“[Writing] is a psychological quirk developed in response to personal failings.” — Zadie Smith
Do I even have original ideas? Why do I write? Why do you?
Haven’t all the stories already been told? If there are 1,000 types of bananas can we make infinite kinds of banana bread?
In the essay, “Something To Do,” Zadie Smith explores the question: Why do we write? Her favorite answer: “It’s something to do.” Writing fills the time of the writer, like baking banana bread could be the whole morning for your mother (or father).
“Out of an expanse of time, you carve a little area— that nobody asked you to carve—and you do “something.” [You write.] – Zadie Smith.
Some believe consciousness is only a byproduct of the brain, like the peel of the banana, no different from sweat. Thinking: it’s just something the human-animal does, has adapted for its environment, to survive.
But what is writing then? The detritus of a certain brain? The peel wrapped around tools used for survival: belonging, sex, the family, power? Just another stick for us monkey-over-achievers to find food with? An opposable thumb? Or is it a disposable one? Will words and writing eventually be shed, (in favor of telepathy?) like an extra toe or excessive body hair?
Woah Chile… Telepathy? But if dinosaurs can grow from the earth, why not people who beam words? Isn’t the internet just that? We may one day write with hormonal smells. Would that be more efficient?
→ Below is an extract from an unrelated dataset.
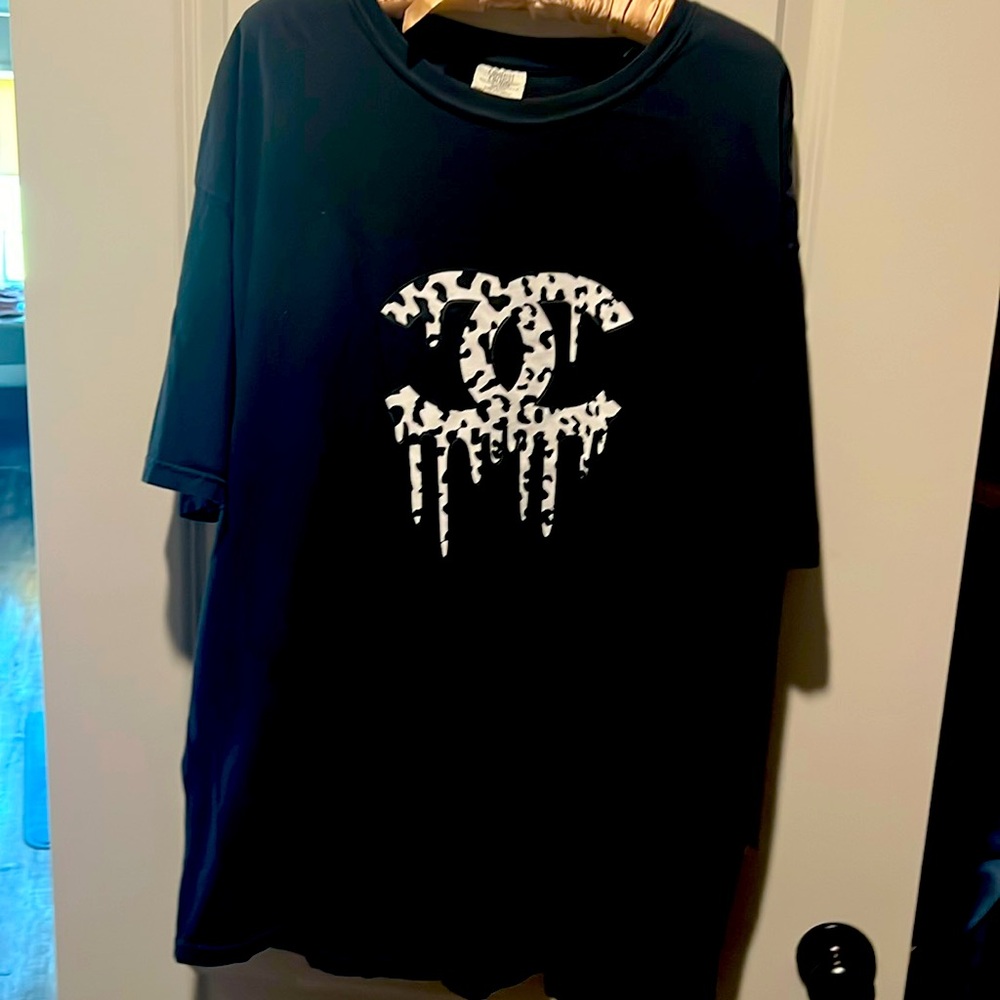 Women’s boutique- oversized black T-shirt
How many hundreds of years will it take to get there?
Playing in/with Pens
[The realm of artists and writers is a] “charming, but basically useless playpen where adults get to behave like children—making up stories and drawing pictures.” — Zadie Smith
Gel pens, playpens, ballpoint pens, pig pens, there are writer jokes to be made here.
And again, we are back to the monkey doodling its cage — all pages/pens/sticky notes lead here.
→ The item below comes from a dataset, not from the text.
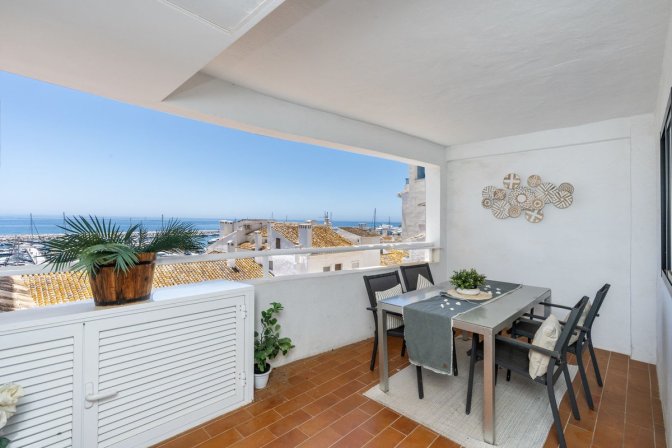 Top Floor Apartment for sale in Puerto Banús, Puerto Banús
In Smith’s cage she carved out meaning, but during the pandemic, her whole family was suddenly in the playpen (err cage) with her, and all at once, her artificially-imposed writing and reading schedule became ridiculous. Wasn’t there anything else to do? Will this too pass? And onto what?
“There are essential workers and there are those of us with time on our hands [artists and writers].”— Zadie Smith
Few at home demand books of a woman, almost everyone demands breakfast, lunch, dinner, snacks…
Free time is free because we aren’t being paid.
Writing is a perfectly cheap thing to fill this time; it costs almost nothing — nothing but our free (available, wageless) time.
“Art stands in dubious relation to necessity—and to time itself.” — Zadie Smith.
When people are hungry, they would smell and taste and enjoy the banana bread, but what do they hunger for when they crave reading? Information? Education? Entertainment? Status? Do writers long to provide all three? Or are we just releasing something from inside us and hoping that someone else will eat it? Are we the bananas? Are writers like flowers looking for bees? We could also be termites and time is our tree.
An editor recently informed me that bananas do not grow on trees. Bananas are in fact, herbs because they lack woody stems.
I’d written: Dim outlines of green banana trees whizzed by.
And she highlighted this and wrote: “Technically, bananas are herbs rather than trees, given that they lack woody stems.”
However, when I researched this further, botanically, bananas are actually berries. There are more than 1,000 types. Bananas also emit a small amount of radiation, but their radiation doesn’t seem to harm humans.
Writing could be like radiation humans emit. Only sometimes it does cause harm, healing, lust, or anything. The stronger the writing, the further its rays emit. Maybe this is part of the appeal — we writers want to wield this radiation like Marvel comic heroes. We are Peter Parker, taking his power from a radioactive spider, becoming Spider-Man.
Shall I call myself Pen Woman? Letter Queen? The Incredible Word Captain?
Love and Time
Okay… back to time, the currency we use to grow our word radiation emitters.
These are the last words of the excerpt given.